YOUR TASK:
Print every line of the listing below, starting with the line that holds "[ Case Xiaomi" and going on through the line that holds "lot 47372 image: Garden", both included, and print nothing else.

MATERIAL PROVIDED:

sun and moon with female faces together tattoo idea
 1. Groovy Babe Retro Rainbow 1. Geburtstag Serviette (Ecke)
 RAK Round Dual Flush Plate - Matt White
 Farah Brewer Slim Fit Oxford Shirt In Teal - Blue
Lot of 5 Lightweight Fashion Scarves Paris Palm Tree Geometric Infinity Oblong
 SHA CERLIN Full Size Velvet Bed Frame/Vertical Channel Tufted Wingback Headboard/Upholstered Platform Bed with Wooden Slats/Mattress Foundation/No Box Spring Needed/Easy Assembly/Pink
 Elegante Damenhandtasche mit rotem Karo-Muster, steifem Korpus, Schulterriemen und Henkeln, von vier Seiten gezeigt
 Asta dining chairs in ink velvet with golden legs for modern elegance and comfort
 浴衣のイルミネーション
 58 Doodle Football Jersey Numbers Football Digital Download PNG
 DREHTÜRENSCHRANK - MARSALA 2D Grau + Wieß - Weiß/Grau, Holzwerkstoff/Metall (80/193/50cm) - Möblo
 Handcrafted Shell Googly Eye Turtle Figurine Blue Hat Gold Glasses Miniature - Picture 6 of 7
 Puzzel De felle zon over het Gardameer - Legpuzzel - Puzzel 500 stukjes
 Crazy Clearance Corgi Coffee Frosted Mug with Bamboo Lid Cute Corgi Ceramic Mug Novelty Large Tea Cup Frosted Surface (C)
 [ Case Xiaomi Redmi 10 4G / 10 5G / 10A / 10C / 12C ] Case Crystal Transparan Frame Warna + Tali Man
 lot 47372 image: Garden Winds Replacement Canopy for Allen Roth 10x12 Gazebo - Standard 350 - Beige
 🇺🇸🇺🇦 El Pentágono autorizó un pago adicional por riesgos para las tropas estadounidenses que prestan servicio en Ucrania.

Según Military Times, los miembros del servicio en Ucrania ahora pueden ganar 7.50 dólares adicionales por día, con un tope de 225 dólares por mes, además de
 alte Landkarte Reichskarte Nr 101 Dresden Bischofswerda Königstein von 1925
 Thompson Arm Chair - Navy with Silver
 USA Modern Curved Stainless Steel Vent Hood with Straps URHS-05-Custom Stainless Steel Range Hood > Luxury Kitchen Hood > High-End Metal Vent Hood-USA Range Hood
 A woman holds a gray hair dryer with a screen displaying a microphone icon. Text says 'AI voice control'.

TASK SOLUTION:
 [ Case Xiaomi Redmi 10 4G / 10 5G / 10A / 10C / 12C ] Case Crystal Transparan Frame Warna + Tali Man
 lot 47372 image: Garden Winds Replacement Canopy for Allen Roth 10x12 Gazebo - Standard 350 - Beige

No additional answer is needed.